The characteristics of colon cancer tumors diagnosed in patients seen at hospitals participating in the National Cancer Institute's Surveillance, Epidemiology, and End Results (SEER) Program and at Comprehensive Cancer Centers (CCC's) belonging to the Centralized Cancer Patient Data System (CCPDS) are compared. There were identified among cases diagnosed between July 1, 1977 and December 31, 1978, the first 18 months of registration for the CCPDS centers. A higher proportion of CCPDS colon tumors were diagnosed in black patients, 15.4% versus 6.8% for SEER, reflecting the urban location of many CCC's. The CCPDS has proportionally fewer patients aged 75 years or older, and a median age of 67.5 years versus 70 years for the SEER cases. Although surgery alone was the major form of therapy for both CCPDS and SEER patients with colon tumors, higher percentages of CCPDS patients than SEER patients were treated by chemotherapy alone or by modalities other than surgery, chemotherapy, and radiotherapy, particularly those with later stages of the disease. Few disagreements existed between the 2 groups in distribution by segment of the colon, stage, and histologic type. Few differences were found that would render invalid future comparative analyses of patient survival between the two data systems once adequate follow-up information is available. Such an evaluation may be a valuable instrument in measuring whether improvements in cancer patient management being developed at CCC's are, in fact, "filtering down" to the general series of colon cancer patients.
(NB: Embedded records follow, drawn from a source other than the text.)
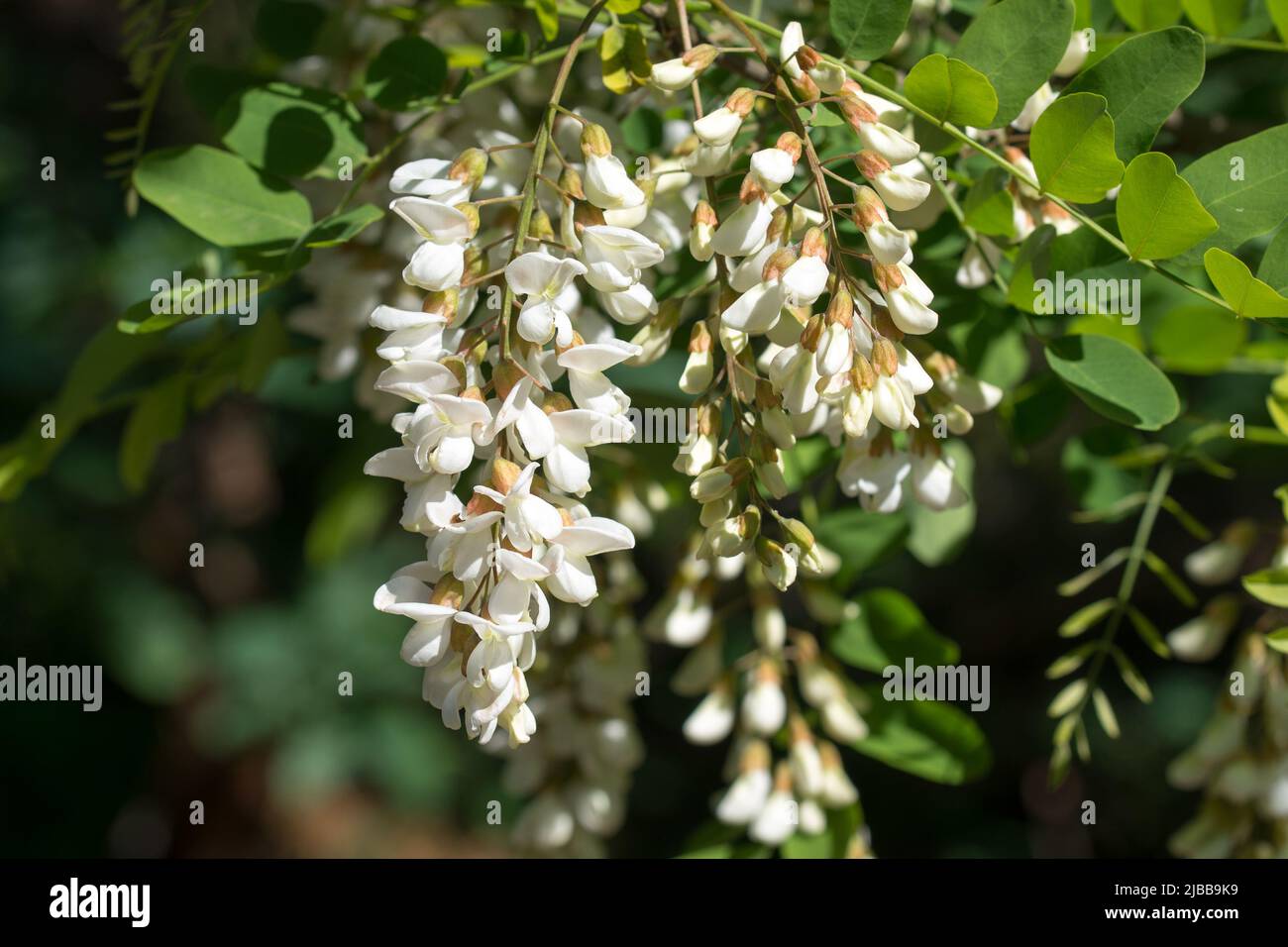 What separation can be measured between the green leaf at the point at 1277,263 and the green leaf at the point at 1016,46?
6.0 inches

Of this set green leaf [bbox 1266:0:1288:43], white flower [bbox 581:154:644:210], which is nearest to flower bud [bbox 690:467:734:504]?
white flower [bbox 581:154:644:210]

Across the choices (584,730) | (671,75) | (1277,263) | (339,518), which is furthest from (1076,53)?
(339,518)

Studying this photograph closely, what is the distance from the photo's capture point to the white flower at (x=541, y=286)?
499 millimetres

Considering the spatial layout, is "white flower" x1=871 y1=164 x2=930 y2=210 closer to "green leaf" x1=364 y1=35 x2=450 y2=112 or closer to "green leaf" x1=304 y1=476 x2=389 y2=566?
"green leaf" x1=364 y1=35 x2=450 y2=112

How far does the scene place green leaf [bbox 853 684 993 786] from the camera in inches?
32.9

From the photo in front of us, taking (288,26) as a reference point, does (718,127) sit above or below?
below

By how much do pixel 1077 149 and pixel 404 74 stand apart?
0.39 meters

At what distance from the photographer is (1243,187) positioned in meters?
0.62

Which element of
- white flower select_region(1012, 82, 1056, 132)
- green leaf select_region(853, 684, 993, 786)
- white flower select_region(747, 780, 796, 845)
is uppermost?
white flower select_region(1012, 82, 1056, 132)

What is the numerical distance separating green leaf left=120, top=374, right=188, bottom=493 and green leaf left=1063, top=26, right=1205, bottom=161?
672 mm

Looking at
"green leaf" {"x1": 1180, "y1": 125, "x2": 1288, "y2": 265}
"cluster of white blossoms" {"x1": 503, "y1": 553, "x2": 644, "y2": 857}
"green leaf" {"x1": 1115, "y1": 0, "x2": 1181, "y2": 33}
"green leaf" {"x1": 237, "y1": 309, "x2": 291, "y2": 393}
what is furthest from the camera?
"cluster of white blossoms" {"x1": 503, "y1": 553, "x2": 644, "y2": 857}

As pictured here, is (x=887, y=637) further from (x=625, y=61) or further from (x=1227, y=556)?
(x=625, y=61)

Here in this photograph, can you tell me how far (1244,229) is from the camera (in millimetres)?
616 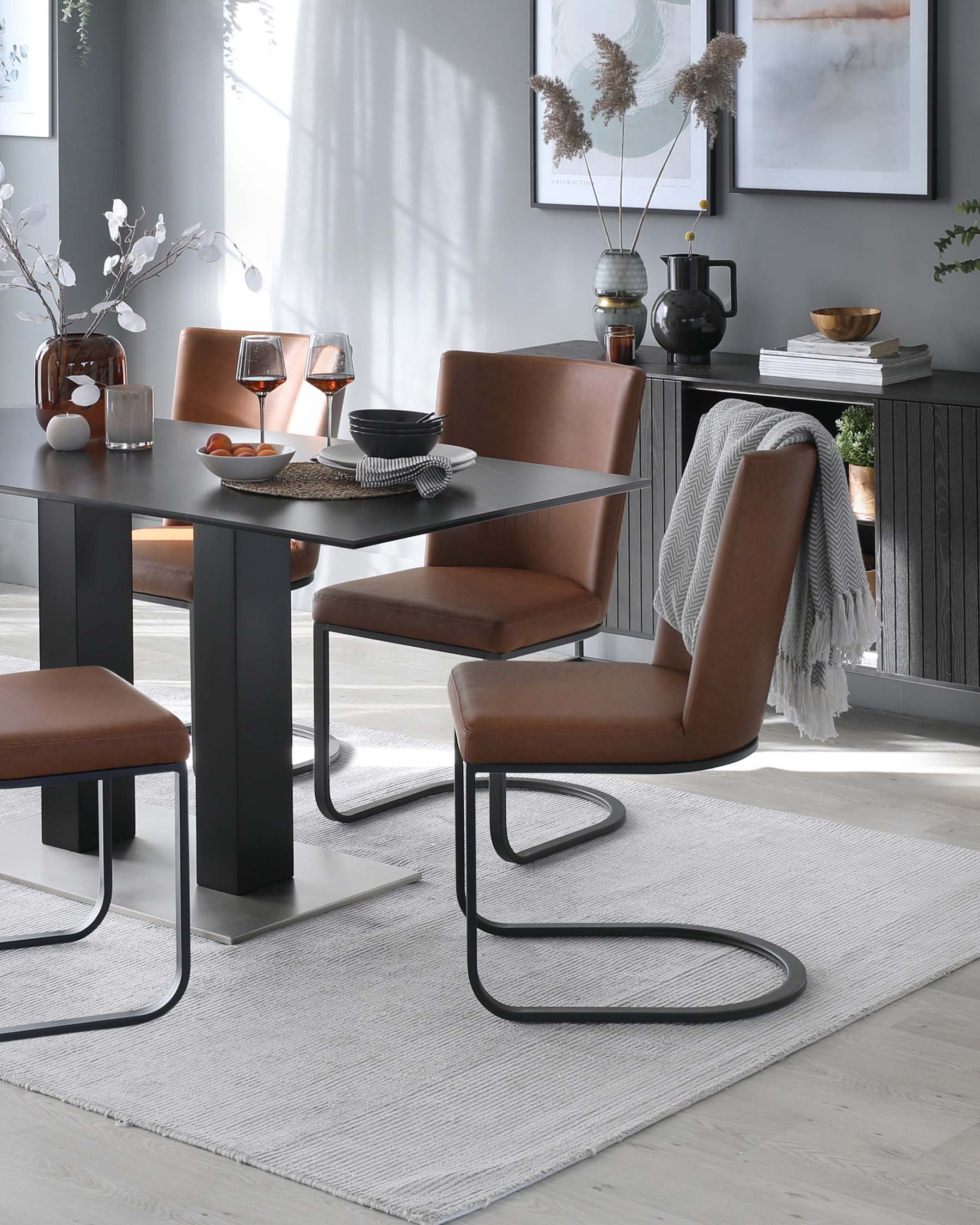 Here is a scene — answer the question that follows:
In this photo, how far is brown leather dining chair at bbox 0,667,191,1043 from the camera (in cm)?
241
对参与美国国立癌症研究所监测、流行病学和最终结果(SEER)计划的医院以及属于集中癌症患者数据系统(CCPDS)的综合癌症中心(CCC)中确诊的结肠癌肿瘤特征进行了比较。在1977年7月1日至1978年12月31日(CCPDS中心注册的前18个月)期间确诊的病例中进行了识别。CCPDS结肠癌肿瘤在黑人患者中的诊断比例更高,分别为15.4%和6.8%,这反映了许多CCC位于城市地区。CCPDS中75岁及以上的患者比例相对较少,中位年龄为67.5岁,而SEER病例为70岁。尽管单纯手术是CCPDS和SEER结肠癌肿瘤患者的主要治疗方式,但CCPDS患者中仅接受化疗或接受手术、化疗和放疗以外治疗方式的比例高于SEER患者,尤其是疾病晚期患者。两组在结肠癌段分布、分期和组织学类型方面的分歧很少。一旦有足够的随访信息,很少发现会使两个数据系统未来患者生存比较分析无效的差异。这样的评估可能是衡量CCC正在开展的癌症患者管理改进是否实际上“向下渗透”到一般结肠癌患者系列中的一个有价值的工具。